*Requirement*.
All of the entries should be restated word for word, but without their pictures.

*Extracted data*.
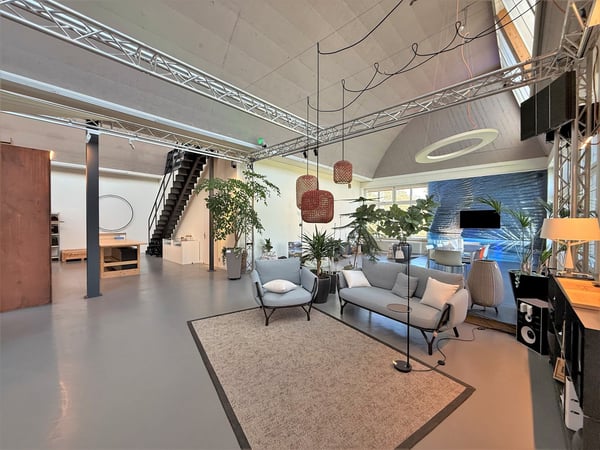 Versatile Retail Space – 427 m² 9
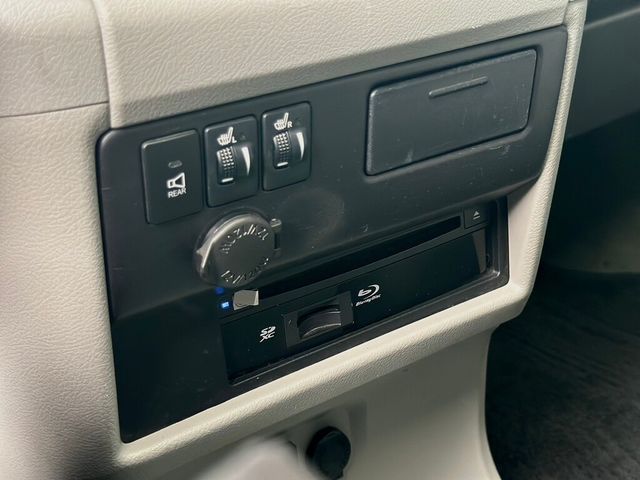 TOYOTA豐田 SIENNA  第17張相片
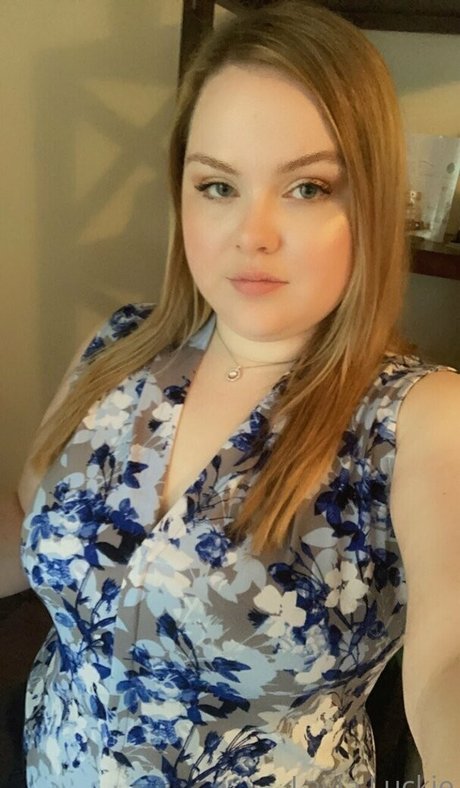 laylaluckie24 star naked photo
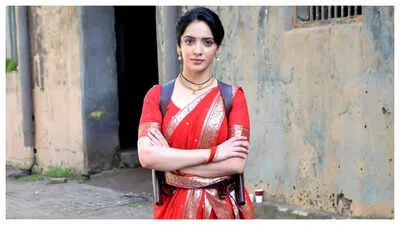 Sonakshi Batra reveals prep for Jagadhatri's action sequences: I watched  MMA videos to get my moves right - The Times of India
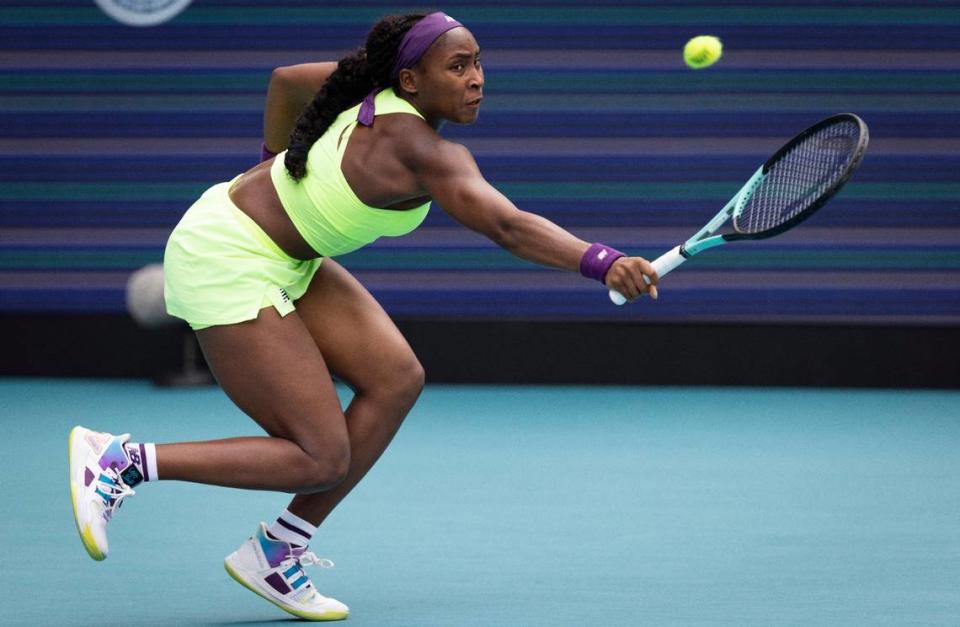 La estadounidense Coco Gauff devuelve una pelota en el partido ante la francesa Caroline García, celebrado el lunes en Miami.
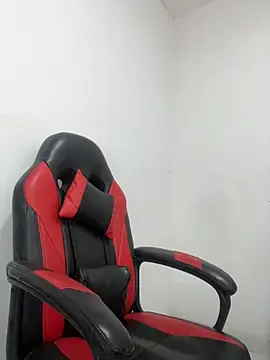 Snapshot of Olivia_Rousett chatting on 11.25.25 Olivia Rousett online show from 11.25.25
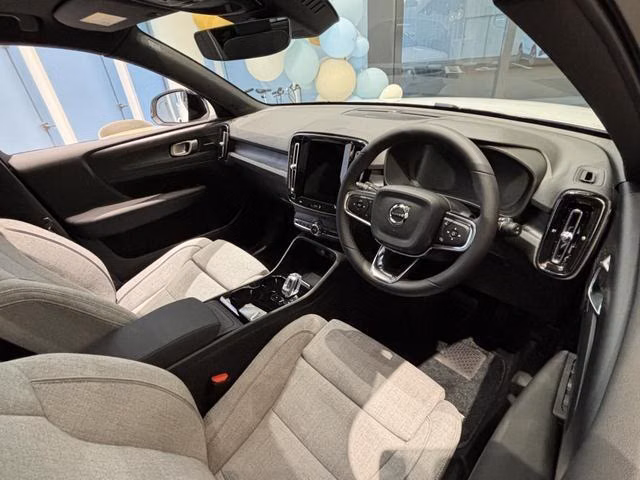 VOLVO EX40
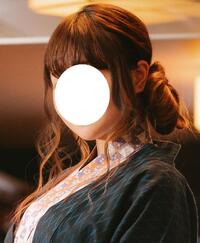 Photoshopで背景と髪が似た色の写真を切り抜く 透過 させる方法を教え Yahoo 知恵袋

*Exercise solution*.
 Versatile Retail Space – 427 m² 9
 TOYOTA豐田 SIENNA  第17張相片
 laylaluckie24 star naked photo
 Sonakshi Batra reveals prep for Jagadhatri's action sequences: I watched  MMA videos to get my moves right - The Times of India
 La estadounidense Coco Gauff devuelve una pelota en el partido ante la francesa Caroline García, celebrado el lunes en Miami.
 Snapshot of Olivia_Rousett chatting on 11.25.25 Olivia Rousett online show from 11.25.25
 VOLVO EX40
 Photoshopで背景と髪が似た色の写真を切り抜く 透過 させる方法を教え Yahoo 知恵袋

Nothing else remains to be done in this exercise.